- Hamblin Location of Hamblin in Utah Hamblin Hamblin (the United States)
- Coordinates: 37°32′38″N 113°36′24″W﻿ / ﻿37.54389°N 113.60667°W
- Country: United States
- State: Utah
- County: Washington
- Founded: 1856
- Founded by: Jacob Hamblin
- Named after: Jacob Hamblin
- Elevation: 5,832 ft (1,778 m)
- Time zone: UTC-7 (Mountain (MST))
- • Summer (DST): UTC-6 (MDT)
- ZIP code: 84725
- Area code: 435
- GNIS feature ID: 1451257

= Hamblin, Utah =

Hamblin, now a ghost town, was a Mormon pioneer town along the Mormon Road, from 1856 to 1905. It was located at an elevation of 5,832 feet in Mountain Meadow in western Washington County, Utah, United States.

==History==
Jacob Hamblin started a ranch and built a house for his family in 1856 overlooking Mountain Meadow soon after the building of the 1855 Leach Cutoff of the Mormon Road, a wagon road that passed from Mountain Meadow to Pinto, through Leach Canyon to Cedar City was built nearby. This saved 15 miles from the older route from Cedar City through Iron Springs, Antelope Springs, Pinto Creek (at modern Newcastle, Utah), to the north end of Mountain Meadow, in Holt Canyon. Other settlers soon came to ranch or farm, forming a settlement with homes that were built along a street with the church and school at the far end. It was called Fort Hamblin, later shortened to Hamblin. Drinking water for the town came from Hamblin Spring, a clear spring near the village at . Farms were irrigated springs in the Meadow. These settlers sold food and supplies to drovers of herds using the meadow, and immigrants, and teamsters passing along the wagon road. At the time of the 1857 Mountain Meadows Massacre, the seventeen children who survived, were brought to the town and were cared for there before they were returned to their relatives in Arkansas. In 1869, Jacob Hamblin received a call from Brigham Young to establish an Indian mission at Fort Kanab and left with his family.

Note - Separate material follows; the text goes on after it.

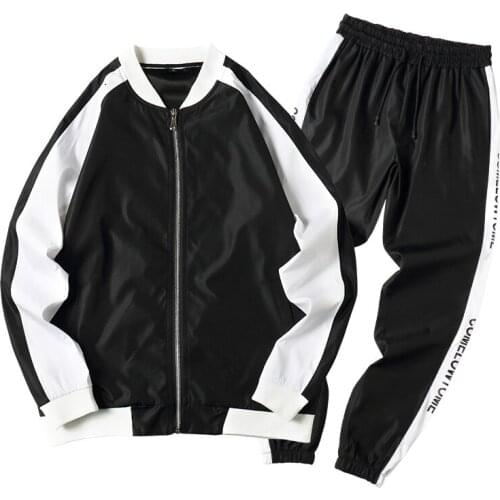 2021 Men Tracksuit Patchwork 4XL Hip Hop Sweatshirt Jacket+Pants Male Sporting Suit Mens Set Casual Streetwear Sweat Suits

After the railroads came to Utah in 1869 the Mormon Road ceased to be a major thoroughfare and Hamblin became a backwater. Over the decades since 1847 when the wagon road was established, the 16 mile long, lush spring fed meadow Fremont described was overgrazed by the passing herds, pack and wagon teams, causing increasing floods and consequent erosion, that also lowered the water table and dried up the springs that watered the meadow. Eventually this caused the people of Hamblin to relocate, many going to Enterprise, and the site became mostly deserted by 1890.

==The Site Today==
Hamblin Cemetery and a few foundations of homes are all that remains of this town, in the Hamblin Historical Site.
The site is off Pinto Road, a dirt road heading east off of State Highway 18 around Mile Marker 34. There are signs leading to the Hamblin Cemetery on FR010 and FR732. The town site is about a mile northeast of the cemetery.